OXPath extends XPath with actions (e.g., click, form filling), Kleene star for iteration, and markers for data extraction.
Simple OXPath example doc("http://dblp.dagstuhl.de/pers/hd/g/Gottlob:Georg") /.:<collection> [ .:<author="Georg Gottlob"> :<articles> [ //ul[@class="publ-list"]/li[@class~="entry"] /div[@class="data"]:<article> [./span[@itemprop="author"]:<author=normalize-space(.)>] [./span[@itemprop="name"]:<title=normalize-space(.)>] [.//span[@itemprop="isPartOf"] :<publication=normalize-space(.)>] [?./span[@itemprop="pagination"]:<pages=normalize-space(.)>] ] ]
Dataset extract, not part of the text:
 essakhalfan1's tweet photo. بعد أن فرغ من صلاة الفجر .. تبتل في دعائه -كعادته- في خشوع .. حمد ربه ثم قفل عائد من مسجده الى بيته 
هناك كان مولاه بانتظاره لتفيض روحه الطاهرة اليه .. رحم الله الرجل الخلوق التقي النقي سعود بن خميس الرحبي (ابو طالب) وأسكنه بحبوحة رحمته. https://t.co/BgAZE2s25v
OXPath expressions can be evaluated with OXPath command line interface client, OXPath CLI, (version 1.0.1) for OXPath 2.2.0. OXPath runs in a real browser, therefore every web page rendered by a modern browser can be interacted with and extracted with perfect accuracy. For this, OXPath version 2.2.0, as part of OXPath Project 1.0.3, relies on WebDriver (Selenium 2.53.1 with Firefox 47.0.1). All OXPath components, except WebAPI module integrating WebDriver, are licensed under the 3-Clause BSD License. OXPath CLI provides a command line interface for executing OXPath wrappers and saving the extracted data either on the file system in different formats such as XML, CSV, and JSON or in a relational database. OXPath 2.2.0 and OXPath CLI 1.0.1 can be executed on Linux platforms only, however, other platforms might be supported in future releases.
In Introduction to OXPath you can find a detail description of OXPath with various examples.
For citation and full description of OXPath and its semantics please refer to the article, OXPath: A language for scalable data extraction, automation, and crawling on the deep web or our tutorial, Introduction to OXPath.